De Afdeling bestuursrechtspraak heeft de mogelijkheid om een conclusie te vragen aan een staatsraad advocaat-generaal. Zo'n conclusie biedt gelegenheid om een rechtsvraag in een breder verband te plaatsen dan alleen de concrete uitspraak zelf. In 2015 heeft de Afdeling bestuursrechtspraak tweemaal een conclusie gevraagd aan een staatsraad advocaat-generaal; in een zaak over het vervallen van de bevoegdheid van de Belastingdienst om een voorschot te herzien of vast te stellen en in een zaak over de correctie op het relativiteitsvereiste. De Afdeling bestuursrechtspraak deed in 2015 uitspraak in een zaak waarin eerder een conclusie was gevraagd. Die zaak ging over het recht op toeslagen bij meerderjarige, inwonende stiefkinderen. De zaken laten de meerwaarde zien van conclusies van staatsraden advocaat-generaal voor de rechtsvorming.

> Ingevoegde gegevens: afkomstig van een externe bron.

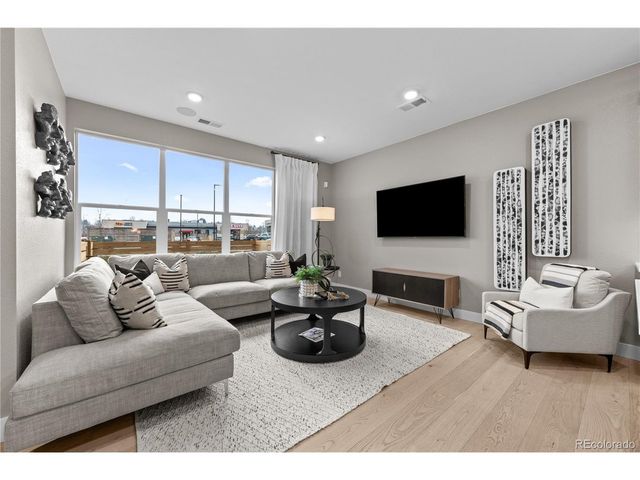 9546 W 58th Cir B, Arvada, CO 80002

In het programma Kwaliteit en Innovatie rechtspraak (KEI) wordt gewerkt aan vereenvoudigde, digitale, toegankelijke en efficiënte processen in onder meer het bestuursrecht. De Afdeling bestuursrechtspraak werkt nauw samen met de Hoge Raad en het programma KEI. In 2015 is begonnen met de bouw van een digitaal portaal. Via dat portaal kunnen straks procedures worden aangebracht, processtukken worden ingediend, krijgen partijen toegang tot alle processtukken van hun zaak en kunnen zij het verloop van de procedure volgen. Er wordt een digitale koppeling gemaakt tussen het systeem van de rechtbanken en dat van de Afdeling bestuursrechtspraak. Naar verwachting wordt digitaal procederen in asiel- en bewaringszaken in januari 2017 verplicht voor advocaten.